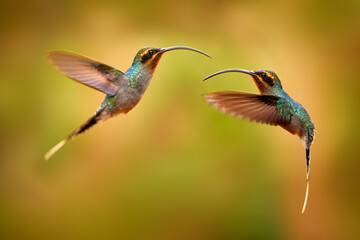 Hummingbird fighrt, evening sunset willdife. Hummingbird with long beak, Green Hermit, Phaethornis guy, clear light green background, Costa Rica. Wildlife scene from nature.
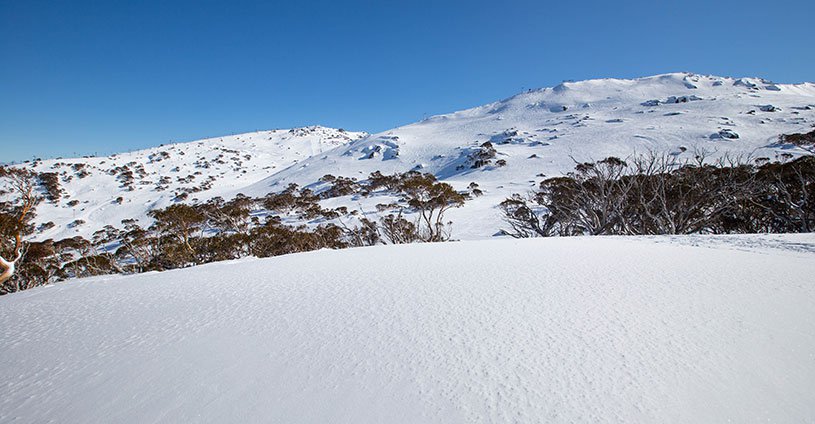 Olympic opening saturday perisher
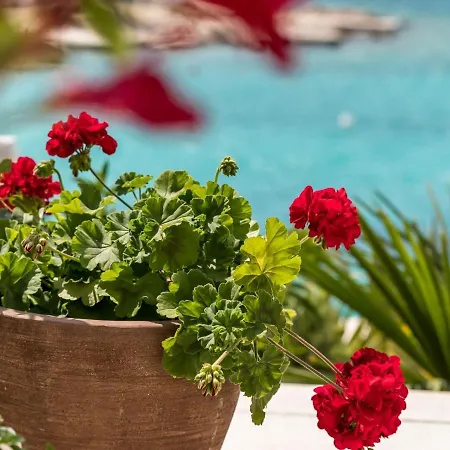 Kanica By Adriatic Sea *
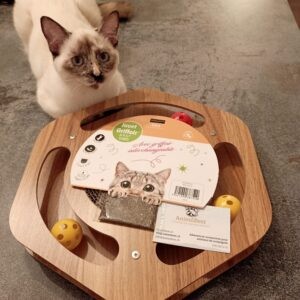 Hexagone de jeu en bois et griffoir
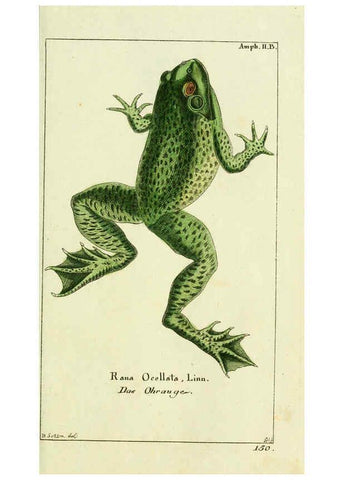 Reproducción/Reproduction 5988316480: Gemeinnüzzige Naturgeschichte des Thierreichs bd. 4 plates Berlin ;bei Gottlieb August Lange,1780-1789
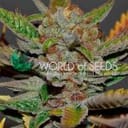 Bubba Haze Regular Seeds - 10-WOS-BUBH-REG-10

---

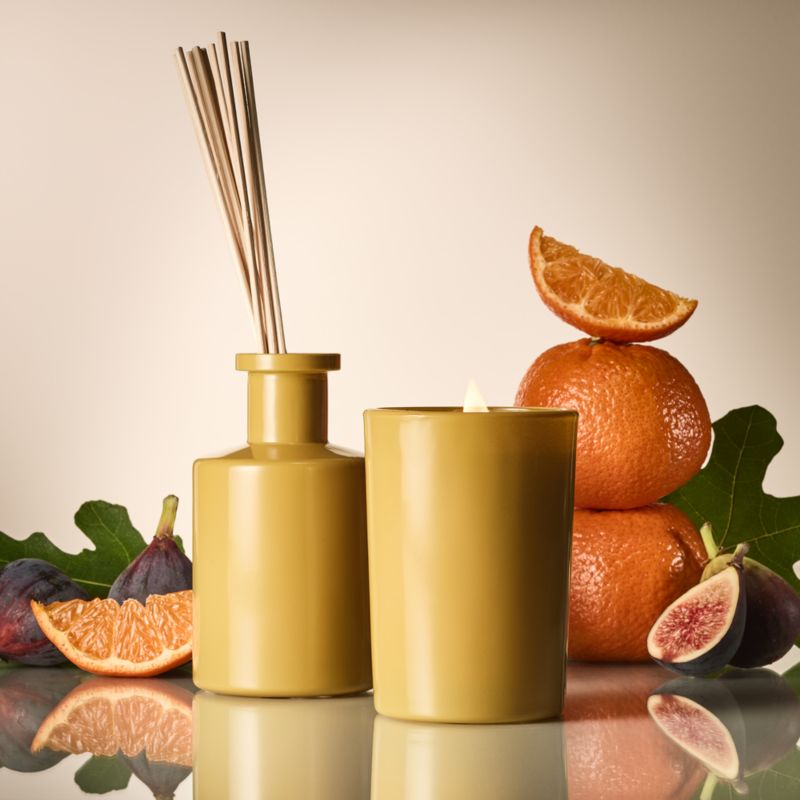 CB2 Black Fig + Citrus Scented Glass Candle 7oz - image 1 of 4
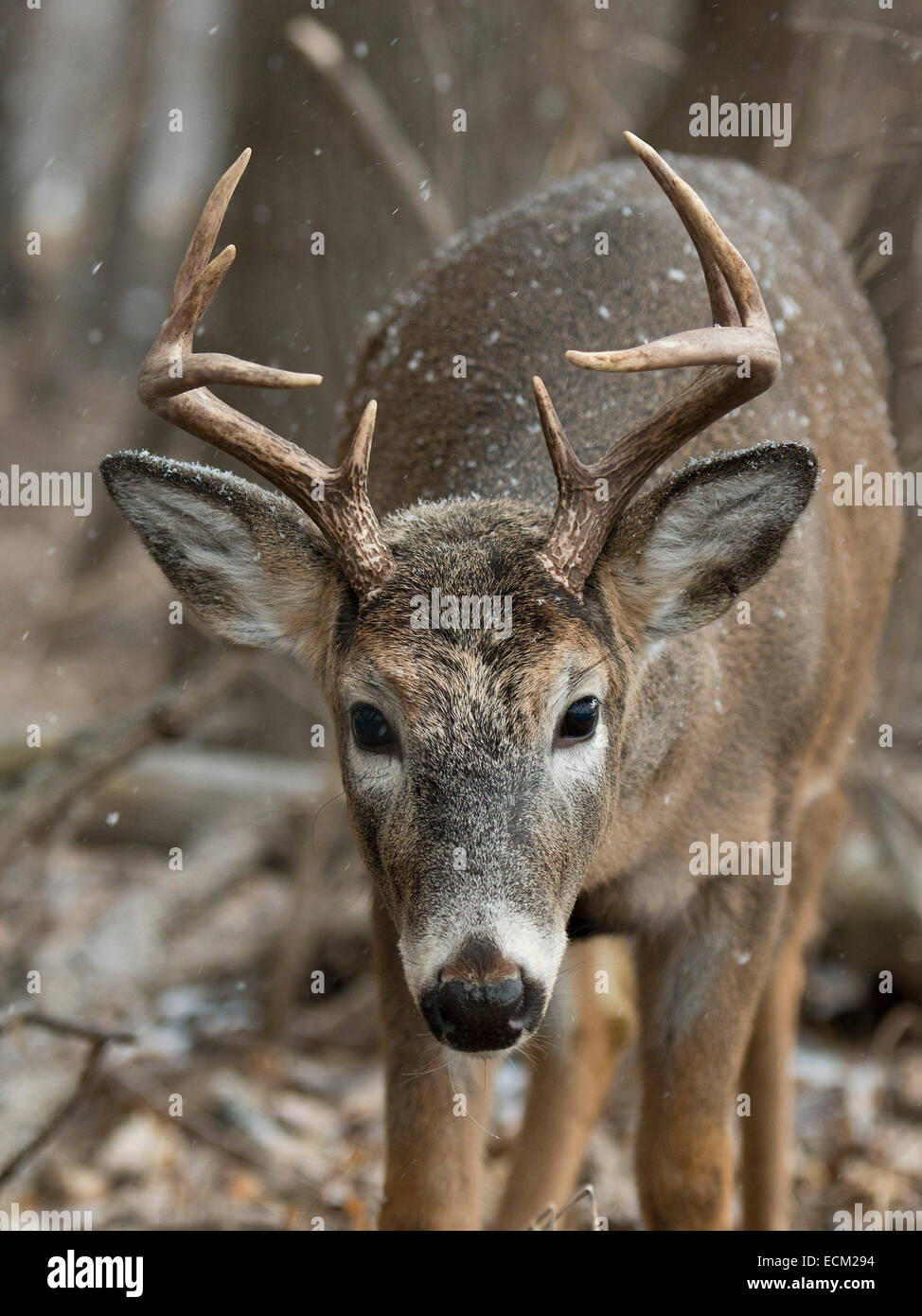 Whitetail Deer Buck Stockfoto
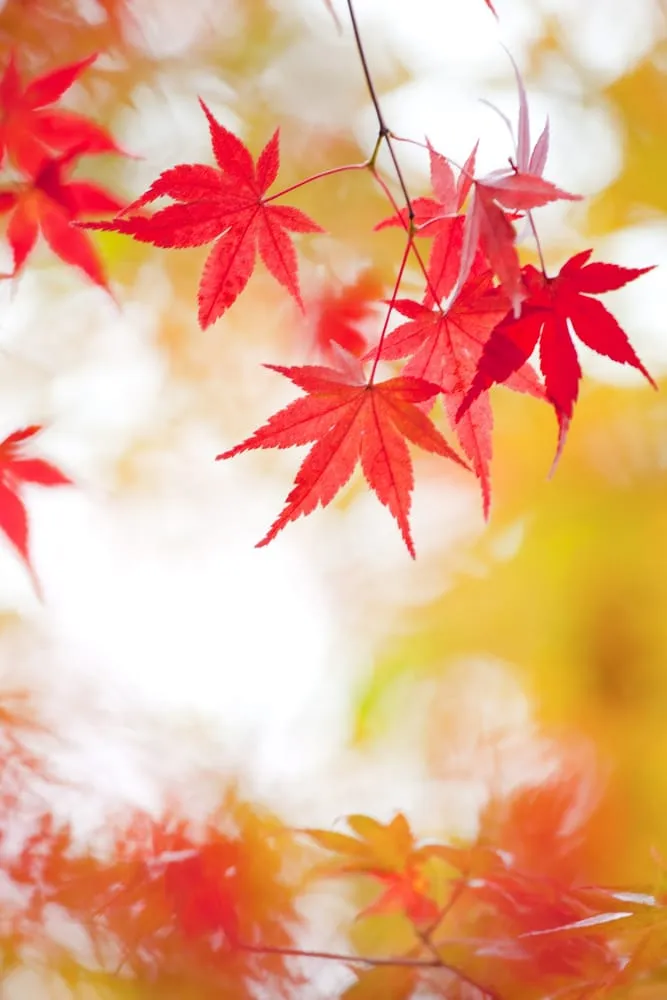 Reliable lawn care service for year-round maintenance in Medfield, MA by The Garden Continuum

- **Task requirements**: Return exactly the lines above, from the one with "Hummingbird fighrt, evening" up to and including the one with "Bubba Haze Regular", and include no pictures.

- **Solution to this task**:
 Hummingbird fighrt, evening sunset willdife. Hummingbird with long beak, Green Hermit, Phaethornis guy, clear light green background, Costa Rica. Wildlife scene from nature.
 Olympic opening saturday perisher
 Kanica By Adriatic Sea *
 Hexagone de jeu en bois et griffoir
 Reproducción/Reproduction 5988316480: Gemeinnüzzige Naturgeschichte des Thierreichs bd. 4 plates Berlin ;bei Gottlieb August Lange,1780-1789
 Bubba Haze Regular Seeds - 10-WOS-BUBH-REG-10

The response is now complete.